Путешествие персонажа в сердце родительской тьмы в итоге принимает форму заторможенного метафорического триллера, где слишком многое понятно с самого начала. Конечно, в таких фильмах «как» важнее, чем «что», но здесь метафоры до обидного очевидны, а общий вектор истории почти не меняется. Попытка сыграть на чужом поле оборачивается для режиссера проблемами: c большим хронометражем и обширной территорией наперевес сюжет расплывается. Сделав героя наблюдателем, Солнье и Блэр получают дистанцию для рефлексии, но вместе с тем теряют ту телесную энергию, которая была топливом прошлых фильмов. Как хороший боец и классный жанровый режиссер Солнье думает телом, и самые интересные моменты в его фильмах случаются тогда, когда жизнь приближается к героям вплотную, когда они на собственной шкуре испытывают происходящее. Физиологическое измерение режиссер всегда использовал для развития нарратива. Его кинематограф так же телесен, как телесны «Прометей» Эсхила и «Царь Эдип» Софокла, только главные герои американца — маргиналы и отщепенцы, которых не заподозришь в благородстве. Они страдают, потому что они слабы, не имеют социального статуса и крепких межличностных связей. Кор, застрявший между волками и людьми, тоже такой, но его отстраненность оборачивается безразличием, которое легко передается зрителю.

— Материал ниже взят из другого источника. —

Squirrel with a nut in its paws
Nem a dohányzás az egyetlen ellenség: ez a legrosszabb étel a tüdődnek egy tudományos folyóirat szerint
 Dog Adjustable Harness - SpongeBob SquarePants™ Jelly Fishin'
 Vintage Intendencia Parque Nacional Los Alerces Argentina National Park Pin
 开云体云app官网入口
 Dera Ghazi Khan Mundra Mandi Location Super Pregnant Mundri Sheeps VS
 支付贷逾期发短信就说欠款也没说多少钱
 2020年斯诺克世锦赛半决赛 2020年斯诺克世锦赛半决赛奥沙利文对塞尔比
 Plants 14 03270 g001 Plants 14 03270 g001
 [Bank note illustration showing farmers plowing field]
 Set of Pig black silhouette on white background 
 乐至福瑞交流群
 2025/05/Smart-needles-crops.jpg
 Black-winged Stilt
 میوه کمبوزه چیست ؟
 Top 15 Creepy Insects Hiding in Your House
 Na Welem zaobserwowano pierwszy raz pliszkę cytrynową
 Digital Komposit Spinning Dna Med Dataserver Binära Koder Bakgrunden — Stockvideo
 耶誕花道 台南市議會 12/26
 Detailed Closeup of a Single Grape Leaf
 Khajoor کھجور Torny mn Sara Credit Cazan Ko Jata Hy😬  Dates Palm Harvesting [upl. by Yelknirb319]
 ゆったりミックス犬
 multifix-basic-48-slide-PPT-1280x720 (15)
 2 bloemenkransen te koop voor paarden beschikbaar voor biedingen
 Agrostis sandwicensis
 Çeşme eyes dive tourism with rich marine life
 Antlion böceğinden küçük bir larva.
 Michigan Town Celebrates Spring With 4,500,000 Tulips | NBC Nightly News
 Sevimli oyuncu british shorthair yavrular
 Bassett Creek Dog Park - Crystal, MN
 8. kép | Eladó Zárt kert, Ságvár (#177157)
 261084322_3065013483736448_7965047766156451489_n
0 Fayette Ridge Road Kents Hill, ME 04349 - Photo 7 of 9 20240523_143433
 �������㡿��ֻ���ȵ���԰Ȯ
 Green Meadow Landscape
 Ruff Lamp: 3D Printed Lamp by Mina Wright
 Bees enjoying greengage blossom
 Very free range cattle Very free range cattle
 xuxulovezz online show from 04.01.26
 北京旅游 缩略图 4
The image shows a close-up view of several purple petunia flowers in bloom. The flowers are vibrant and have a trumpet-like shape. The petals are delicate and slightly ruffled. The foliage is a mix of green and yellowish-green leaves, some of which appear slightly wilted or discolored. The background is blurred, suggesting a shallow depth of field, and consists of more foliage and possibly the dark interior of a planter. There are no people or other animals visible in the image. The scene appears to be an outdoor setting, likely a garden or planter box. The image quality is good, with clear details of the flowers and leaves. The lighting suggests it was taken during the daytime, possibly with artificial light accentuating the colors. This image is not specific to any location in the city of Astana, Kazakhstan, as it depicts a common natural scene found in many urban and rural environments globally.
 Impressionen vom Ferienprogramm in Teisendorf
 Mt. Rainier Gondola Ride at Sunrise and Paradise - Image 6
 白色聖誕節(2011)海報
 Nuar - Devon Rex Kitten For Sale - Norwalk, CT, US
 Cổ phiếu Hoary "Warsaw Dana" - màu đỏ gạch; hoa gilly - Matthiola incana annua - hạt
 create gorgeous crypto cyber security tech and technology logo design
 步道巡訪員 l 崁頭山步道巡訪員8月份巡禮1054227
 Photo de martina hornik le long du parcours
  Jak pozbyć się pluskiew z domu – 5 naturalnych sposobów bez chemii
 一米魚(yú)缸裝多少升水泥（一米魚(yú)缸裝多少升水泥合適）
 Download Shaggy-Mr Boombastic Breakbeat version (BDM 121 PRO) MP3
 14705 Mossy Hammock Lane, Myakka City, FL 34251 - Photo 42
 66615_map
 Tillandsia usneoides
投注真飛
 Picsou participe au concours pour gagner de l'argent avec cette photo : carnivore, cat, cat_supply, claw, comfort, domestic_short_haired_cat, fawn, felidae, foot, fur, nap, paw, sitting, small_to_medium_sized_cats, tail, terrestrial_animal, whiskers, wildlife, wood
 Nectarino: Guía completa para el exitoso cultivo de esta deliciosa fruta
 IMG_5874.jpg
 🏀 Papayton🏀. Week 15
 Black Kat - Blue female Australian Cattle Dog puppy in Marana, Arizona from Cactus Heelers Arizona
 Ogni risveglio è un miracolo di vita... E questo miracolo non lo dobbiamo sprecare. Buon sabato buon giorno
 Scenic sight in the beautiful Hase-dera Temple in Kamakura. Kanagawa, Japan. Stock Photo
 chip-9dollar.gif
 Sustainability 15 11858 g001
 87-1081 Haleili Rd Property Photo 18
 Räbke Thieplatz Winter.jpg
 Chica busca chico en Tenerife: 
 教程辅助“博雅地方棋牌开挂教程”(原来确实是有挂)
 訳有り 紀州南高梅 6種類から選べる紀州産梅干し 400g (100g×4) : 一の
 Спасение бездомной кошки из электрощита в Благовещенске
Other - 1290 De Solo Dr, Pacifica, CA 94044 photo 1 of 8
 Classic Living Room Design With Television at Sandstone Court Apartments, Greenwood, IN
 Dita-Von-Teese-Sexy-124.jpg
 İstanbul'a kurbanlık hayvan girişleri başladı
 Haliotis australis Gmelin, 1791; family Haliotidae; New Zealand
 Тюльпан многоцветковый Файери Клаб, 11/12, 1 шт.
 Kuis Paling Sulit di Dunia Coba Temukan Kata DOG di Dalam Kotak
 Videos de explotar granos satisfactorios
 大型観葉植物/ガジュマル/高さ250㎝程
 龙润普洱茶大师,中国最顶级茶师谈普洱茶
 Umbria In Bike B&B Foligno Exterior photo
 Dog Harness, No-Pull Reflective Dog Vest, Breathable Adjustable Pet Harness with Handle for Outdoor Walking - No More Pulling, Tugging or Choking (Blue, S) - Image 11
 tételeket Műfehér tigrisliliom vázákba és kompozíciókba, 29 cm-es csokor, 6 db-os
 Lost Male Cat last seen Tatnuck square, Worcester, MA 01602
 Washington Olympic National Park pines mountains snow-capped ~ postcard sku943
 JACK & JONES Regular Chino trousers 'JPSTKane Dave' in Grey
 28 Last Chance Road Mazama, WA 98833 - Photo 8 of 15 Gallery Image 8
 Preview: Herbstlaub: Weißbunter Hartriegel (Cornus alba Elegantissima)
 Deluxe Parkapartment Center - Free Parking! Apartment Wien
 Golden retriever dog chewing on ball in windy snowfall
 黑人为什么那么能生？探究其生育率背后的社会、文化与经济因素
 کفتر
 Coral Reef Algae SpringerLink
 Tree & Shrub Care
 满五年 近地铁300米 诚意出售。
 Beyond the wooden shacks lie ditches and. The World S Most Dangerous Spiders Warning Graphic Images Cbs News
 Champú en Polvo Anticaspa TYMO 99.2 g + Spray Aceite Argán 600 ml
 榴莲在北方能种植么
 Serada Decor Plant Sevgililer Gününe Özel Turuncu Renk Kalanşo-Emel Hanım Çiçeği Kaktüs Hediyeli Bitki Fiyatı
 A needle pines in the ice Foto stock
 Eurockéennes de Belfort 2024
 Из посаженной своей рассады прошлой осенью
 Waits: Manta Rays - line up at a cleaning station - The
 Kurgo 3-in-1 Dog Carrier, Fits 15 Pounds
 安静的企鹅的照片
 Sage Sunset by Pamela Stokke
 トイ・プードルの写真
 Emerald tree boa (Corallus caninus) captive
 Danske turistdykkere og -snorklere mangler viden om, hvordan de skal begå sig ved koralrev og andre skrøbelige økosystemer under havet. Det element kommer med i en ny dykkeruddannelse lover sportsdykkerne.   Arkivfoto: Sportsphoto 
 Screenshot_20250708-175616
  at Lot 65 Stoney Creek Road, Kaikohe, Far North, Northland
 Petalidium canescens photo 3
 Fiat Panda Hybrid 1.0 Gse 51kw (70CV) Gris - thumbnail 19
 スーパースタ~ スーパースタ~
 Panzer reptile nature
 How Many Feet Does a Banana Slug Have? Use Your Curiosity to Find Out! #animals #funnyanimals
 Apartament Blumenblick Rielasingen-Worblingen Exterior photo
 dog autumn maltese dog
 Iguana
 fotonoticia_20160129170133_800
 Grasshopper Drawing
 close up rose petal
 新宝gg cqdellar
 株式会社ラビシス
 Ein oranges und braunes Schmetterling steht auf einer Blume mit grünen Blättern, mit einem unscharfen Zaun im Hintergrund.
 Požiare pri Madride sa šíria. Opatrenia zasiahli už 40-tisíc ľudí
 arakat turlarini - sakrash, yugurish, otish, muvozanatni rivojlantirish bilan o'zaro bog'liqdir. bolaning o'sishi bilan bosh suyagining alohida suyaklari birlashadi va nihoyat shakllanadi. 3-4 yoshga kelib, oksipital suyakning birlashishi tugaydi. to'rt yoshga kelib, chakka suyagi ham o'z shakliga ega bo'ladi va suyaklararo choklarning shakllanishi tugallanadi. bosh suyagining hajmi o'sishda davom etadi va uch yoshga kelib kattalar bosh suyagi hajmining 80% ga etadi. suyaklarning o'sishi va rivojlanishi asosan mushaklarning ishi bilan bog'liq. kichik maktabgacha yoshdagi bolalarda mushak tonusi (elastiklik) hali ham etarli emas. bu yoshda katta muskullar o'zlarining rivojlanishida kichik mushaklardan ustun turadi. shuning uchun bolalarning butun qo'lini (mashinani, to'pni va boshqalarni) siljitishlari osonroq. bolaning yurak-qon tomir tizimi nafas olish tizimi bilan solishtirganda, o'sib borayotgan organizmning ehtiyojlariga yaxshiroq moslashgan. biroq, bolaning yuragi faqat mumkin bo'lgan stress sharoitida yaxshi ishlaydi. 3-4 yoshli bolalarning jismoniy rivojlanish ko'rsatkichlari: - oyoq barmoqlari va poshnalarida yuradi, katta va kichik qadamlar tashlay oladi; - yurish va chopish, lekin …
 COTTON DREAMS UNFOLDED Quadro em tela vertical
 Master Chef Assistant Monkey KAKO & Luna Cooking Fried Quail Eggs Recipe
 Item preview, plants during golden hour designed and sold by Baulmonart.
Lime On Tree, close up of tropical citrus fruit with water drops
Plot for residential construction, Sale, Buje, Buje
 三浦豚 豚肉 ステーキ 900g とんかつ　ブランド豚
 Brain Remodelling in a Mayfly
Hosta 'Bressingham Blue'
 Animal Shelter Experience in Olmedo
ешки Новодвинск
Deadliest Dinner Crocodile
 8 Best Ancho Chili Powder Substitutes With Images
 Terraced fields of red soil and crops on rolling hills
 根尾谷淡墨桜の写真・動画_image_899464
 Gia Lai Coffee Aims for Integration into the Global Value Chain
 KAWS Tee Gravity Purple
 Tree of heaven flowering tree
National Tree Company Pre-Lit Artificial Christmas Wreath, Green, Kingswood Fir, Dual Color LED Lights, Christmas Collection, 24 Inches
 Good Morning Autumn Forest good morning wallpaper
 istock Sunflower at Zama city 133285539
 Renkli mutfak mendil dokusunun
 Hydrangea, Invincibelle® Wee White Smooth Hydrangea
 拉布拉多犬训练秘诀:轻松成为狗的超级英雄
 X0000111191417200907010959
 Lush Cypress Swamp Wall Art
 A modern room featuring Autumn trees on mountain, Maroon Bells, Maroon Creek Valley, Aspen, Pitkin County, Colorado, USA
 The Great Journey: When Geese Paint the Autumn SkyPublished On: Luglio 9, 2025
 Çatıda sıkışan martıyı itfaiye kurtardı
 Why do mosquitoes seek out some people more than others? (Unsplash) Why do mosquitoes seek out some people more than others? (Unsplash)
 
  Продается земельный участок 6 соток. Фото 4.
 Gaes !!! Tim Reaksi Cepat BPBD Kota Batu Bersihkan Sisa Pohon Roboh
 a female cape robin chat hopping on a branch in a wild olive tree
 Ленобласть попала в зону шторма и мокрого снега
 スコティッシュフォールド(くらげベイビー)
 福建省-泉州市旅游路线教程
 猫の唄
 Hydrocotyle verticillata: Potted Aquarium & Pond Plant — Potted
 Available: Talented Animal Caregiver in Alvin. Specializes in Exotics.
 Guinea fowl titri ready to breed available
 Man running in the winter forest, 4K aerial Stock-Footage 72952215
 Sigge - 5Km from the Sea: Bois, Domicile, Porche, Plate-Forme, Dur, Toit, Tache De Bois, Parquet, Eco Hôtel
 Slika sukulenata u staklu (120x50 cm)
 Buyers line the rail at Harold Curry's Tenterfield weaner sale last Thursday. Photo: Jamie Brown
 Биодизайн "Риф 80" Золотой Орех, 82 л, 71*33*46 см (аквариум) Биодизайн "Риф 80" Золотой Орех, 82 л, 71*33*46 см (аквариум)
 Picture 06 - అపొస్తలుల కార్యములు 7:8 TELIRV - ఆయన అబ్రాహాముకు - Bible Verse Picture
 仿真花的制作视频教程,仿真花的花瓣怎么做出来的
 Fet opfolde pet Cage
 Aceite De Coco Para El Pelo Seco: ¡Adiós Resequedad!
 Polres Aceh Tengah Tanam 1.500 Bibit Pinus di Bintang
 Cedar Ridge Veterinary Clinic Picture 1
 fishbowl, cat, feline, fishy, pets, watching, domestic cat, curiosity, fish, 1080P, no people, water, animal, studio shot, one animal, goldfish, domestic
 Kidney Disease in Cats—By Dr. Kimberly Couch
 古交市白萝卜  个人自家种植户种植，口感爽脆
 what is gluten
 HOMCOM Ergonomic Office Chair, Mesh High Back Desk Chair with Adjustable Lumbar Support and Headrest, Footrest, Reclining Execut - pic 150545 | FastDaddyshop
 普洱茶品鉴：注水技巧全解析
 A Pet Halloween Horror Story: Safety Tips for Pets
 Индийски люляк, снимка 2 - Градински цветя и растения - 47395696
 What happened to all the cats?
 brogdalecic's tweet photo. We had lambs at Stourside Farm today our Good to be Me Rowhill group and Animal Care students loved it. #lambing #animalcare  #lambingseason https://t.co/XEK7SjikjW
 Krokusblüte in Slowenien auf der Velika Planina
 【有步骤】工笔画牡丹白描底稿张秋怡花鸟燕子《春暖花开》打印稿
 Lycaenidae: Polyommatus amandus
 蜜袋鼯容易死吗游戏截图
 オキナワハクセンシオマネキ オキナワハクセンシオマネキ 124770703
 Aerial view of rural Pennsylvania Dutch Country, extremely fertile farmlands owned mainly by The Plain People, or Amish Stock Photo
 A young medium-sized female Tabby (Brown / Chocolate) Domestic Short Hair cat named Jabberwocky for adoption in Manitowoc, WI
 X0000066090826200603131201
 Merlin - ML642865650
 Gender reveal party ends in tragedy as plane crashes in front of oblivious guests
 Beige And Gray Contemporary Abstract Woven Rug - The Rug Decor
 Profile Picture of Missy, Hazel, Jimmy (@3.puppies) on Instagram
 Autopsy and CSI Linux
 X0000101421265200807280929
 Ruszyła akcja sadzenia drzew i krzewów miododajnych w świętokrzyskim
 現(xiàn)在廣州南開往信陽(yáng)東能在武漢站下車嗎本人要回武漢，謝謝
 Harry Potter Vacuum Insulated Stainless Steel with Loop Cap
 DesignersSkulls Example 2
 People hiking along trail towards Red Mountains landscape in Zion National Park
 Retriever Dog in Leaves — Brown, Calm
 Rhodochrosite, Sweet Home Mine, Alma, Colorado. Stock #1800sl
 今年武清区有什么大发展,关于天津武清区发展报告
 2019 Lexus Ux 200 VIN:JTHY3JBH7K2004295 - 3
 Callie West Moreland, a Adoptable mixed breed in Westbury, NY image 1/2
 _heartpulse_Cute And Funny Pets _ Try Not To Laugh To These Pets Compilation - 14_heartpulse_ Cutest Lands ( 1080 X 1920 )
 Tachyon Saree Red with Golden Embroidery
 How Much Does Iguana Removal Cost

После «Придержи тьму» Солнье пригласили в третий сезон «Настоящего детектива», где режиссер снял всего две серии и ушел. Там тоже были пропавшие дети, американская глубинка, неблагополучная семья и намек на мистику, но все это досталось постановщику в наследство от Ника Пиццолатто, с которым они не сошлись во взглядах. Солнье звали как крепкого ремесленника, а он, похоже, не захотел играть по чужим правилам и начал предлагать свои идеи. Амбиции Пиццолатто-рассказчика столкнулись с авторским видением Солнье, не хуже знающего сценарное дело; тандема не получилось. О новых проектах режиссера пока ничего не известно, зато Мэйкон Блэр успел выиграть «Сандэнс» с дебютным фильмом и получил возможность снять перезапуск культового «Токсичного мстителя» (1984). История двух друзей из Вирджинии сама могла бы стать отличным материалом для buddy movie. Нет сомнений, что эти парни еще не раз встряхнут жанровое кино и фестивальную публику.